Part two of the peace plan is probably the most vital as this would involve ensuring that Kashmiris secure peace with dignity. Elections to the Assembly, which will be held within the next nine months, offer a historic opportunity to restore the faith of the ordinary Kashmiri in Indian democracy, justice and fair play, and to demonstrate to the world New Delhi's capacity for conflict management and problem solving. Clearly, if the elections have to count for something, they must be credible and inclusive and ensuring that this happens forms the backbone of the programme for peace. Credibility should not be difficult to achieve. The Election Commission of India, together with a group of eminent persons from the country who are requested to observe the elections, can ensure that there are no malpractices and that all charges of foul play are promptly investigated.
Ensuring popular participation, especially from those alienated by the past record, is much more difficult. But this may be possible, if a unilateral promise is given, without prior negotiations (which have proved to be so frustrating) with Kashmiri leaders, that post-elections the quantum of autonomy necessary to fulfil Kashmiri aspirations will be negotiated with the elected representatives within a definite period of time and the agreement arrived at will be guaranteed for the future. It will then become the responsibility of all the Kashmiris who are so desperately seeking peace to ensure that there is popular participation. Simultaneously, a nationwide information campaign on Centre-State relations and decentralisation must be initiated to ensure that there is a widespread realisation that autonomy, in essence, is about empowering people, making people feel that they belong, and about increasing the accountability of public institutions and services.
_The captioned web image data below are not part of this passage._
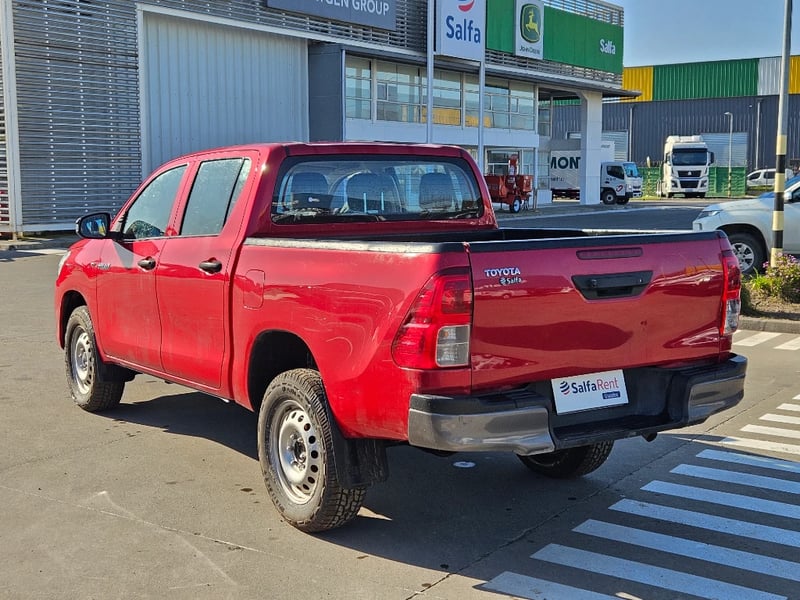 Toyota Hilux 2024 - Imagen 7 de 20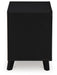 Danziar Nightstand - Eclectic 79 Furniture Store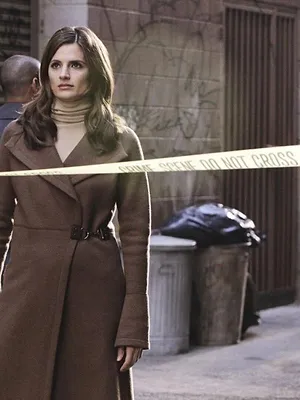 Castle S3 E11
Separatism grows when people feel disconnected from the structures of power and the process of policy formulation; in contrast, devolution ensures popular participation in the polity.
Finally, part three of the plan for peace would include a signal to Pakistan that there would be a sustained dialogue on Kashmir if Islamabad not only rejects violence, as an instrument in its totality, but also commits itself not to attempt subverting the first two parts of the plan. No less important, the dialogue on Kashmir must be embedded in a larger programme of peace and cooperation. It should now be obvious to the political leadership of Pakistan that the conflict over Kashmir is only a symptom of deeper differences, rooted in the manner in which the two nation-states were differently conceived and have grown over the last 50-odd years. Thus, even as Pakistan reconstructs itself, as hopefully a modern and liberal nation-state, unprecedented economic and political cooperation and eventually soft borders on all sides must complement the dialogue on Kashmir. In January 2001, the Prime Minister, Atal Behari Vajpayee, declared in his "musings" from Kumarakom: "In our search for a lasting solution to the Kashmir problem, both in its external and internal dimensions, we shall not traverse solely on the beaten track of the past. Rather, we shall be bold and innovative designers of a future architecture of peace and prosperity for the entire South Asian region. In this search, the sole light that will guide us is our commitment to peace, justice and the vital interests of the nation." The time may shortly come to translate the promise of those words into reality.